THE tax legislation relating to headquarter companies (HQC) came into effect from January 1, 2011, and provides beneficial tax treatment to HQC’s in order to promote South Africa as a location from which businesses can expand into Africa.

The concept of an HQC is, however, not a new one; the HQC was first brought into the Income Tax Act in 2001 when the South African tax system changed from a source-based system to a residence-based system. The legislation was, however, removed in 2004 because the South African Reserve Bank’s (SARB) rules for exchange control purposes were too restrictive and were not in line with the tax legislation.

The main tax benefits of an HQC include the non-application of controlled foreign company rules, dividends declared by the HQC don’t attract secondary tax on companies and thin capitalisation and transfer pricing rules are relaxed.

HQC’s don’t only benefit from preferential tax treatment but are also afforded relaxed foreign exchange control regulations.

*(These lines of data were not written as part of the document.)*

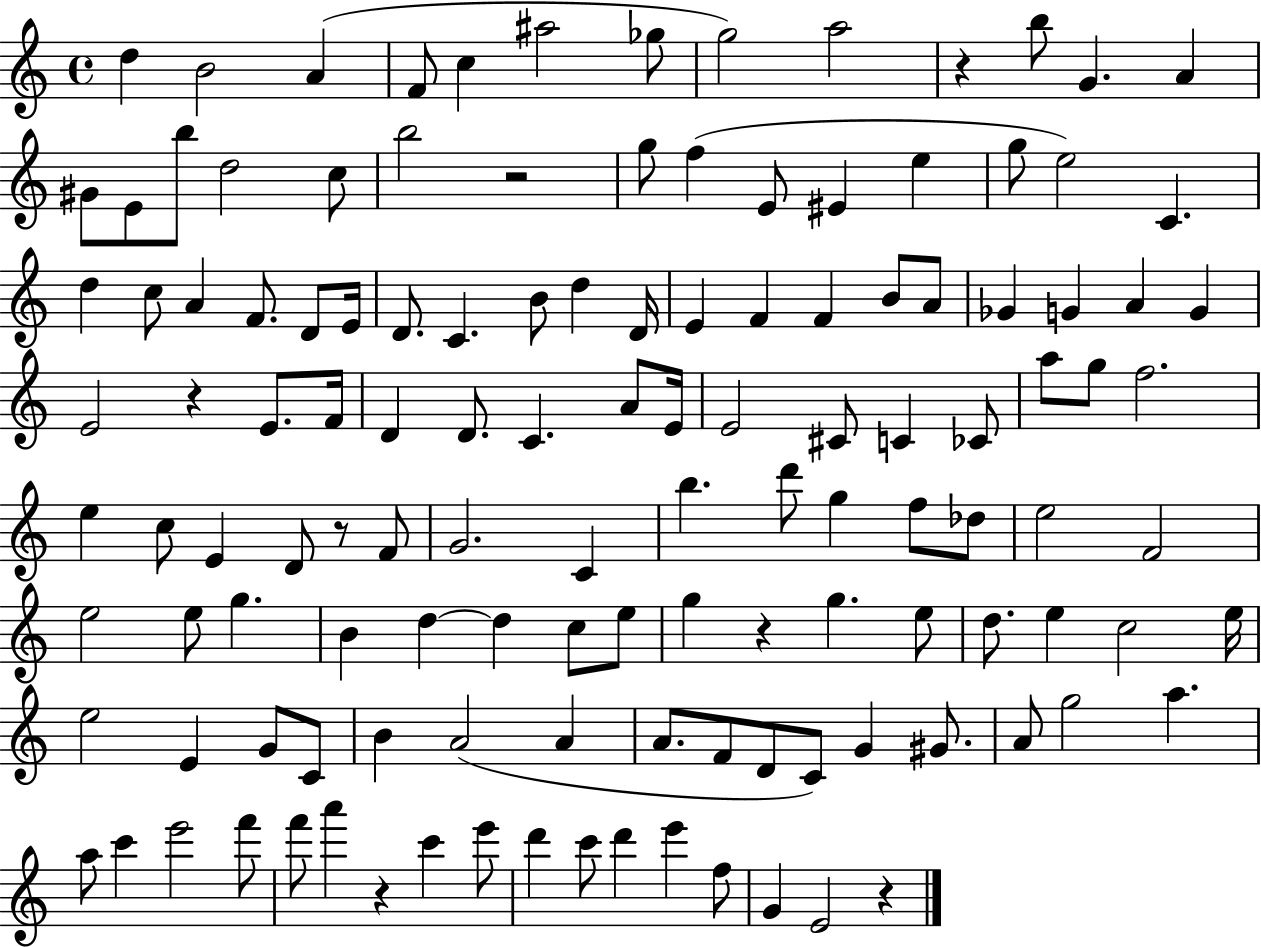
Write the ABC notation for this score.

X:1
T:Untitled
M:4/4
L:1/4
K:C
d B2 A F/2 c ^a2 _g/2 g2 a2 z b/2 G A ^G/2 E/2 b/2 d2 c/2 b2 z2 g/2 f E/2 ^E e g/2 e2 C d c/2 A F/2 D/2 E/4 D/2 C B/2 d D/4 E F F B/2 A/2 _G G A G E2 z E/2 F/4 D D/2 C A/2 E/4 E2 ^C/2 C _C/2 a/2 g/2 f2 e c/2 E D/2 z/2 F/2 G2 C b d'/2 g f/2 _d/2 e2 F2 e2 e/2 g B d d c/2 e/2 g z g e/2 d/2 e c2 e/4 e2 E G/2 C/2 B A2 A A/2 F/2 D/2 C/2 G ^G/2 A/2 g2 a a/2 c' e'2 f'/2 f'/2 a' z c' e'/2 d' c'/2 d' e' f/2 G E2 z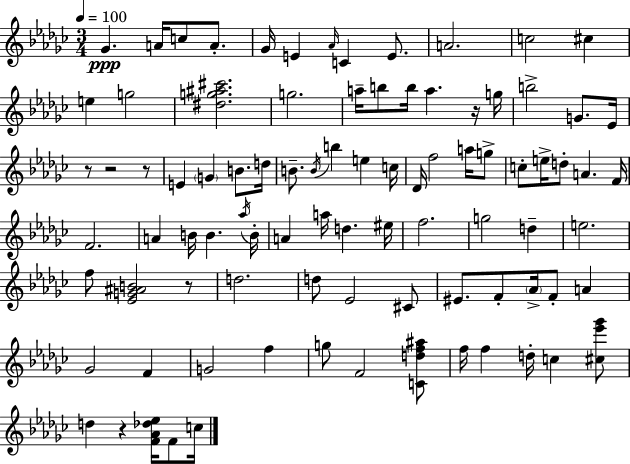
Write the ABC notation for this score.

X:1
T:Untitled
M:3/4
L:1/4
K:Ebm
_G A/4 c/2 A/2 _G/4 E _A/4 C E/2 A2 c2 ^c e g2 [^dg^a^c']2 g2 a/4 b/2 b/4 a z/4 g/4 b2 G/2 _E/4 z/2 z2 z/2 E G B/2 d/4 B/2 B/4 b e c/4 _D/4 f2 a/4 g/2 c/2 e/4 d/2 A F/4 F2 A B/4 B _a/4 B/4 A a/4 d ^e/4 f2 g2 d e2 f/2 [_EG^AB]2 z/2 d2 d/2 _E2 ^C/2 ^E/2 F/2 _A/4 F/2 A _G2 F G2 f g/2 F2 [Cdf^a]/2 f/4 f d/4 c [^c_e'_g']/2 d z [F_A_d_e]/4 F/2 c/4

For foreign exchange purposes, a qualifying HQC will be treated as a non-resident and no SARB approval will be required for borrowing from abroad as well as for the deployment of such funds locally and offshore.

What is considered to be an HQC from a tax perspective is, however, different from what qualifies as an HQC from a SARB perspective. The main difference being that in order to qualify as an HQC for foreign exchange purposes, the HQC may not be listed on the JSE nor may any shareholder of the HQC be listed on the JSE. Furthermore, no SA shareholder may hold more that 20% of the shares in the HQC. Thus although a company may be an HQC for tax purposes, it would not necessarily be an HQC for foreign exchange purposes.

When one looks at the foreign exchange requirements, it appears that the purpose of HQC’s is to attract foreign multinationals to use South Africa as a country through which to channel investments into Africa. For a South African company, however, the HQC may not be the most beneficial channel to use to invest out of South Africa.

Often, in practice, the exchange control rules are more onerous to comply with than tax rules. It perhaps would have made better sense if the tax rules and SARB requirements were aligned with each other, so investors don’t have to grapple with two separate sets of standards to qualify for the benefits of an HQC.